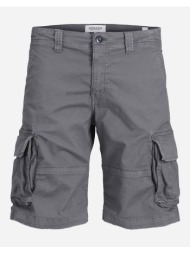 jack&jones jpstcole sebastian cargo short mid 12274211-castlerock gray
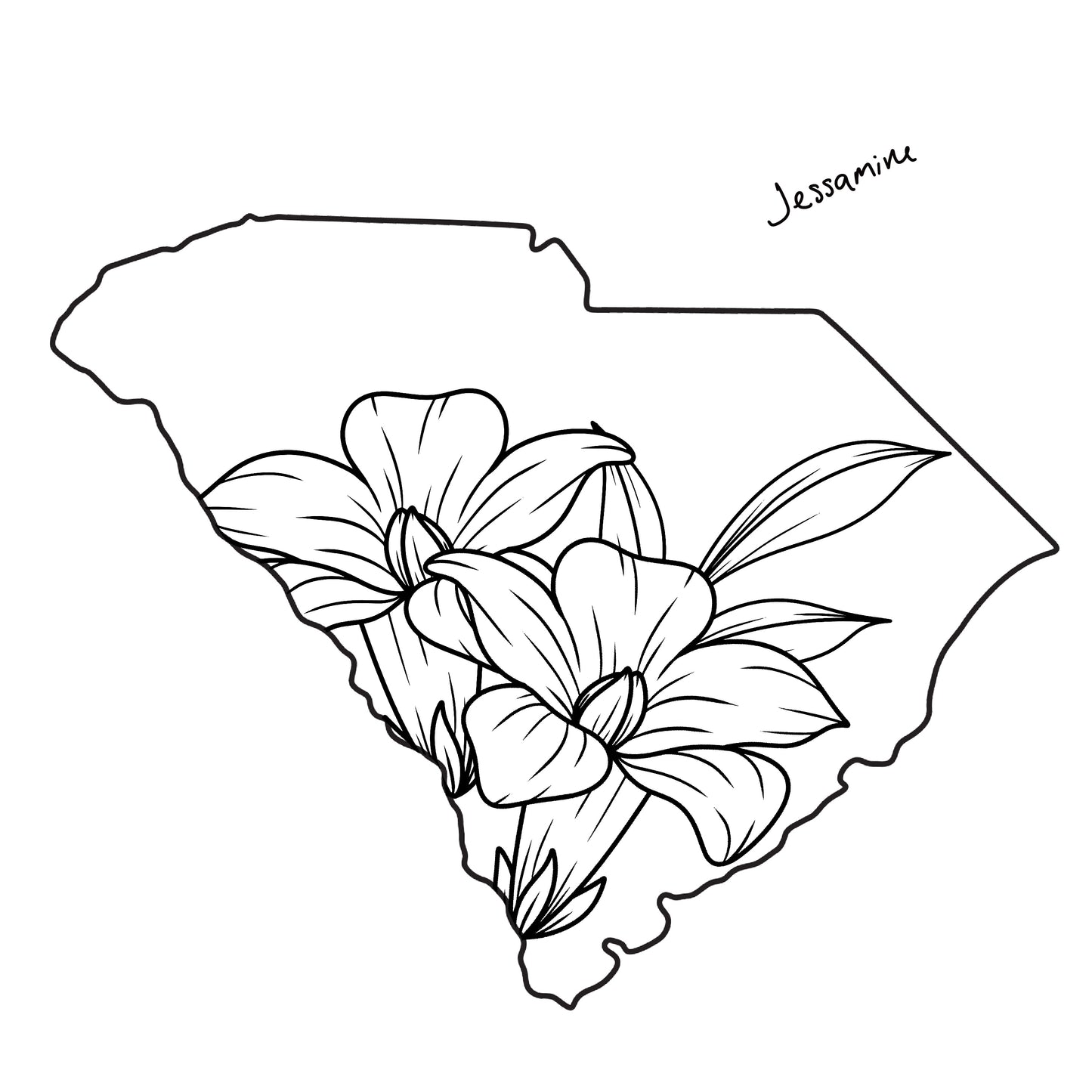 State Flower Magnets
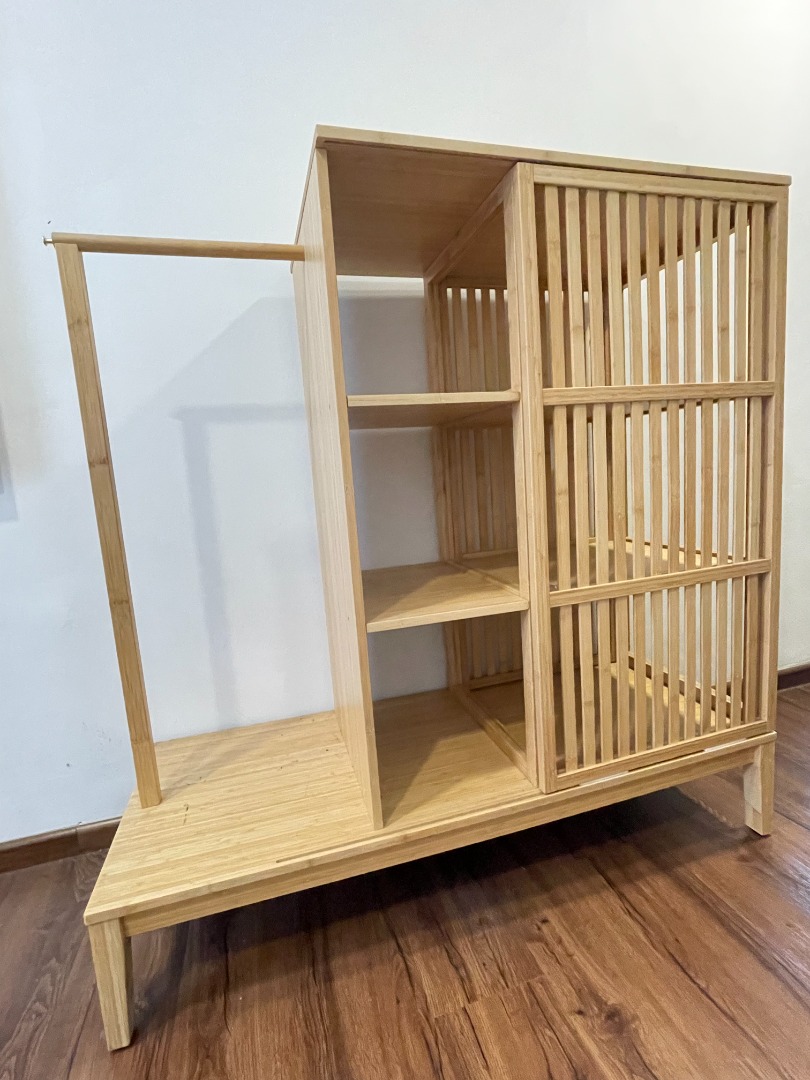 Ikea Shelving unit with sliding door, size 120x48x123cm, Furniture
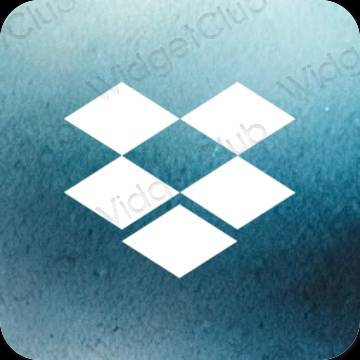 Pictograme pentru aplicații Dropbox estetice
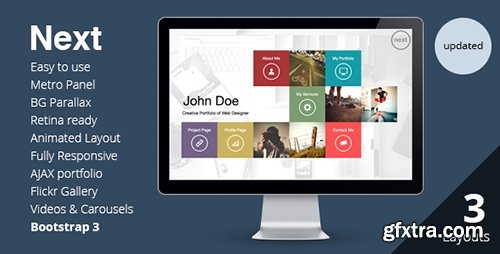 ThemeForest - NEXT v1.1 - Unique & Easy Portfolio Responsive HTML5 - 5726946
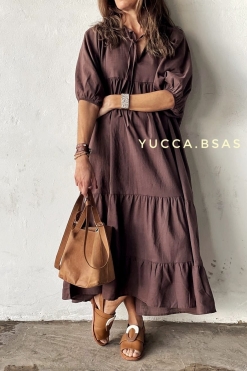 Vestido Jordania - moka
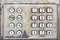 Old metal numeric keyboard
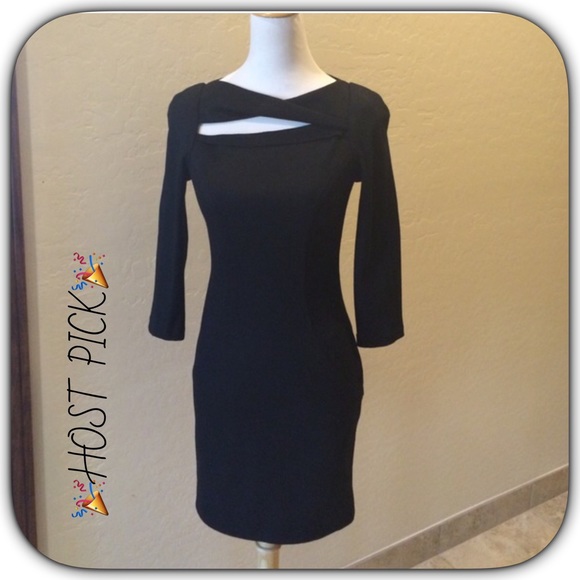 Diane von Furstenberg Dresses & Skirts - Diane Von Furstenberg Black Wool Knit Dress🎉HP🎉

====

ASSIGNED TASK ▸
Reproduce the material above exactly, first line through the line that contains "Pictograme pentru aplicații Dropbox estetice", minus the pictures.

RESULT OF THIS TASK ▸
 jack&jones jpstcole sebastian cargo short mid 12274211-castlerock gray
 State Flower Magnets
 Ikea Shelving unit with sliding door, size 120x48x123cm, Furniture
 Pictograme pentru aplicații Dropbox estetice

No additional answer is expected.